This one goes out to Ben Bernanke...

And now the lawsuits start

You knew this was only a matter of time...

Merrill hit with shareholder lawsuit over subprime

I'm sure this won't be the only one.

Monday, October 29, 2007

Nightmare on Wall Street

When the Ben Bernanke's FOMC releases their benchmark interest rate decision and statement this Halloween at 2:15PM ET something will die. The big question is, is it going to be the US Dollar or the US stock market? Recent actions indicate that Bernanke wants to be Freddy Kruger this year and shred the US dollar, which is already in free fall, by cutting interest rates. On the other hand, the fed knows inflation is picking up like crazy (look at food and oil prices) and there is always a possibility they could go back to their hawkish bias. A return to hawkish mode would send the stock market into a grave while saving the dollar. We will all be watching at that fateful hour but don't hold your breath for things to be all dreamy after they do whatever it is that they do do.

Disclosure: I am Long FXY (Japanese Yen) Calls, more on that later.

The Euro (redux)

Last weeks strong move by the euro, to new highs is continuing in early trading today. At the time I'm writing this one euro is buying 1.4417 dollars and the high for the day so far is 1.4436. The quote, in terms of dollars purchasing euros is well below the 70 cent figure at 0.6934.
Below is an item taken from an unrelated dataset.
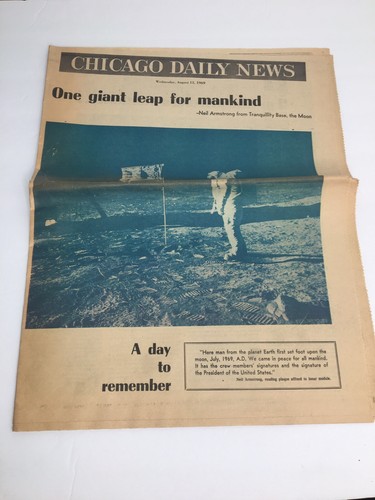 Chicago Daily News 1969 One giant leap for mankind Neil Armstrong Newspaper - Picture 2 of 12
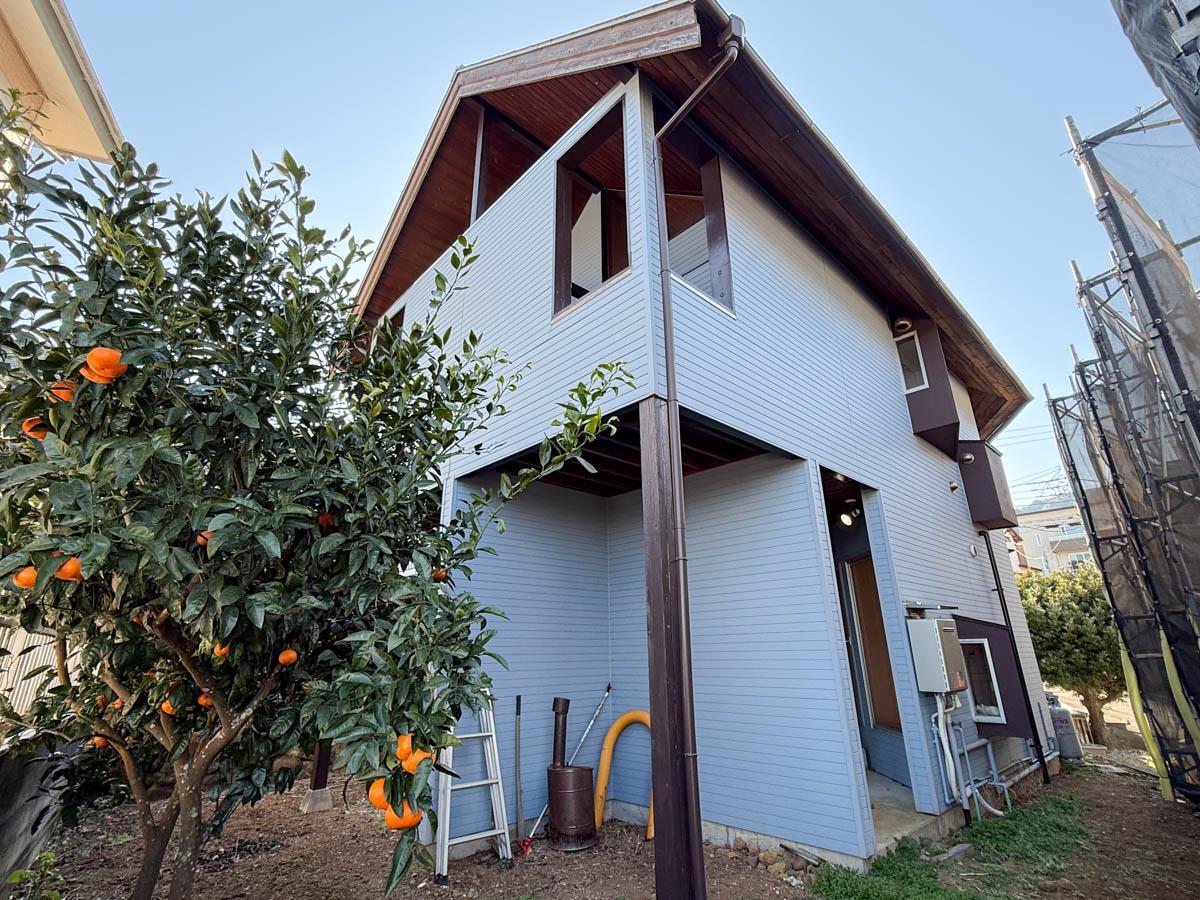 A Hidden Retreat in Atami: A Playful Home with Ocean Glimpses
What is unusual so far in todays trading is the lack of a big intra-day move in early European trading. Early morning moves of half or cent or more are common as the European exchanges open for business for the day, and we haven't seen that today.

The continuation of last weeks trading comes on speculation that the Fed will reduce benchmark interest at their Wednesday meeting. News from Europe and Germany in particular indicates that inflation may actually be accelerating, raising expectations that the ECB may be forced to raise rates at the November 8 monetary policy meeting.

In terms of the long-term chart, the euro has broken out of the channel that has been almost two years in the making. This weeks continuation could be considered confirmation of the breakout. In related news, Gold and Light Sweet Crude are trading at long terms highs today, as is the Australian dollar.

(disclosure: I am long the euro with FXE march 08 calls.)

Sunday, October 28, 2007

Some Nice Looking Charts

Have I gone mad? (posting only bullish charts this weekend) No, I'm not bearish on every stock out there, just most of them. Each of these stocks has a great growth story and had some recent news to help create a breakout pattern . I don't have time to go into the details on each one, but they are worth looking into. They certainly each have a nice looking chart.

Disclosure: I own ICE and WFR calls.

Saturday, October 27, 2007

LULU Under $50

Looks great for an entry next week but the options aren't cheap. I remember buying the Dec. 55 calls for 40% implied volatility less than a month ago but now they are twice as expensive at 80%. Probably the best way to play LULU here is to short the 50 puts or just go long the stock. However, being the option addict that I am I'll probably just buy some November or December 60 or 65 calls (I sold my previous position). Check out the daily chart above and the implied volatility below since LULU's IPO a few months ago.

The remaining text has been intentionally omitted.